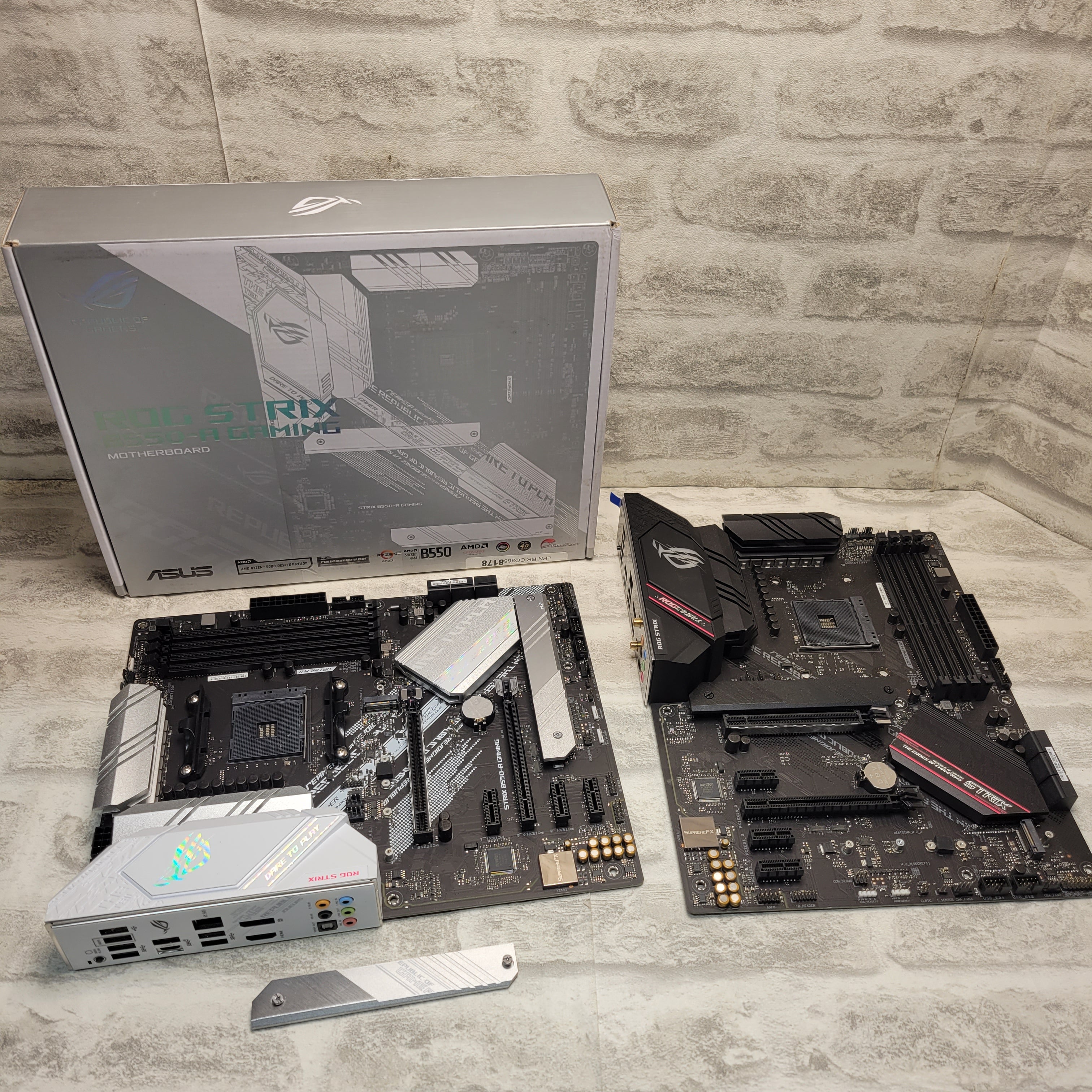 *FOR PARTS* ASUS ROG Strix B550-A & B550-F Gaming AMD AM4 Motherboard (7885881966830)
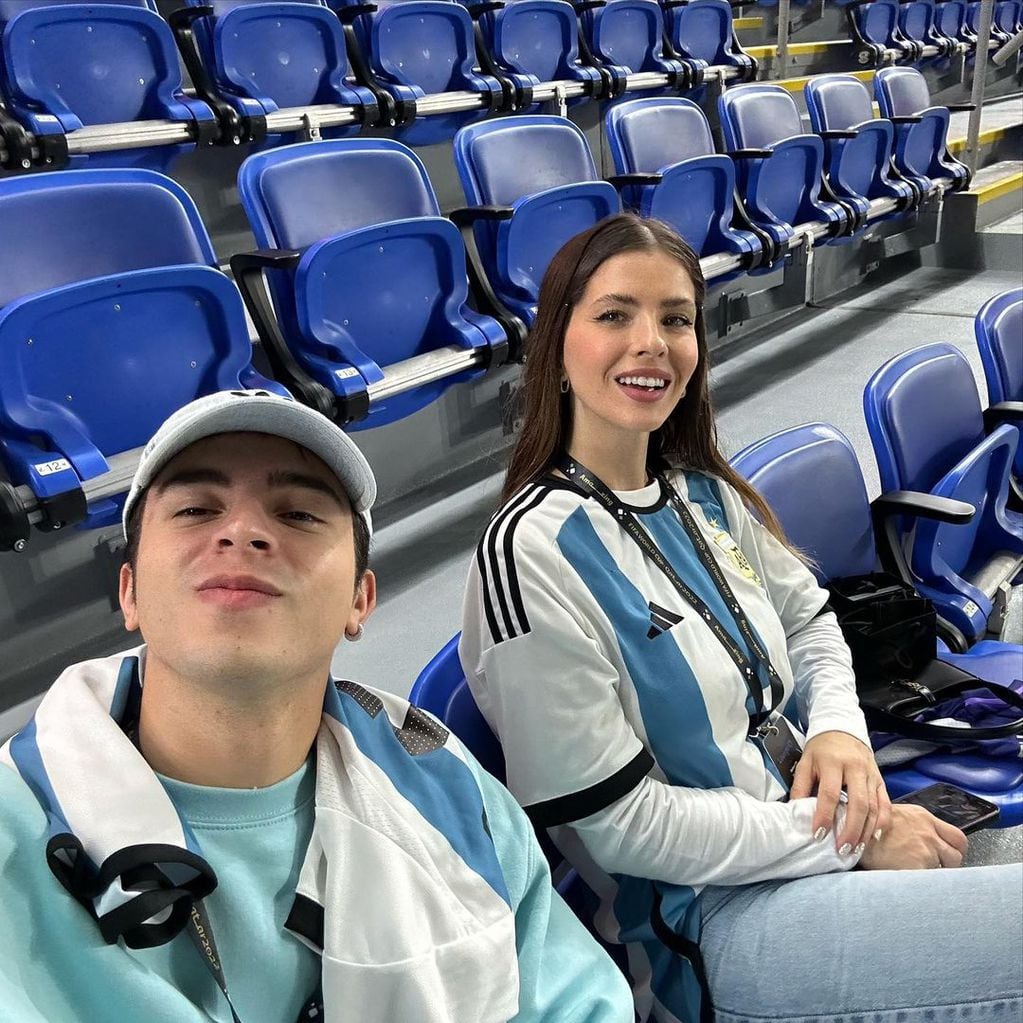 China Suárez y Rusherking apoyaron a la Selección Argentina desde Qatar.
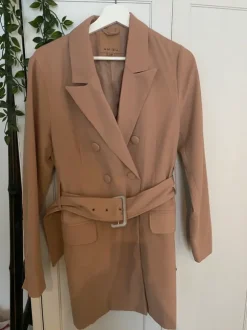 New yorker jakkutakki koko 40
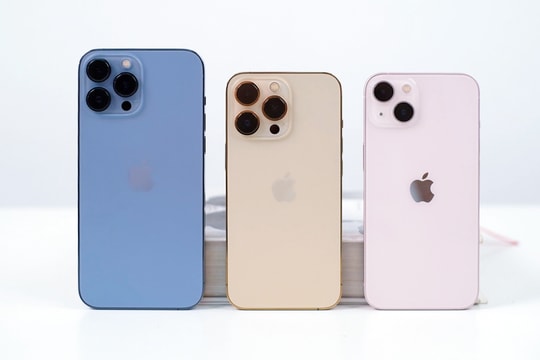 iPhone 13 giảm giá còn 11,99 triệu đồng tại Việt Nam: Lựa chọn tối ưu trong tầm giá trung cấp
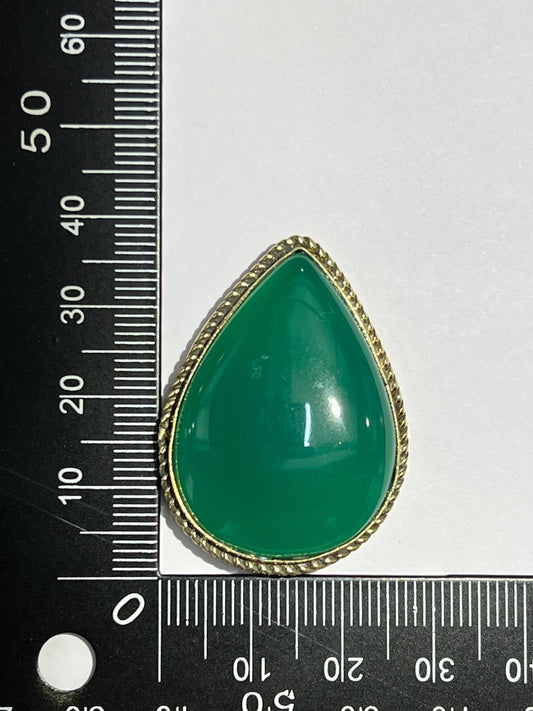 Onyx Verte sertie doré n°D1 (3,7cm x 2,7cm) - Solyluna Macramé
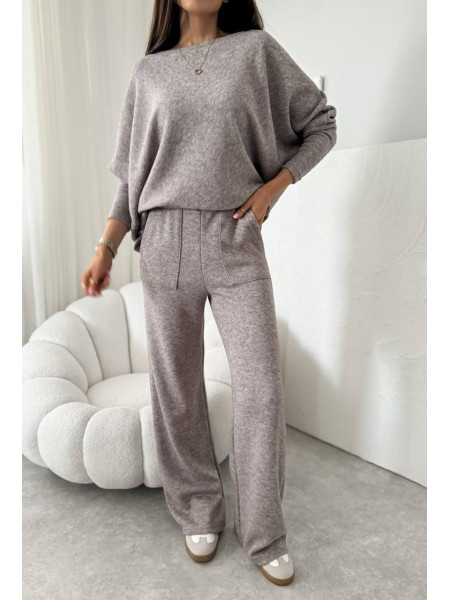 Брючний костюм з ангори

****************************************

All lines from the one containing "New yorker jakkutakki koko 40" through the end of the entries, both ends included, should be written out exactly, with no pictures.

 New yorker jakkutakki koko 40
 iPhone 13 giảm giá còn 11,99 triệu đồng tại Việt Nam: Lựa chọn tối ưu trong tầm giá trung cấp
 Onyx Verte sertie doré n°D1 (3,7cm x 2,7cm) - Solyluna Macramé
 Брючний костюм з ангори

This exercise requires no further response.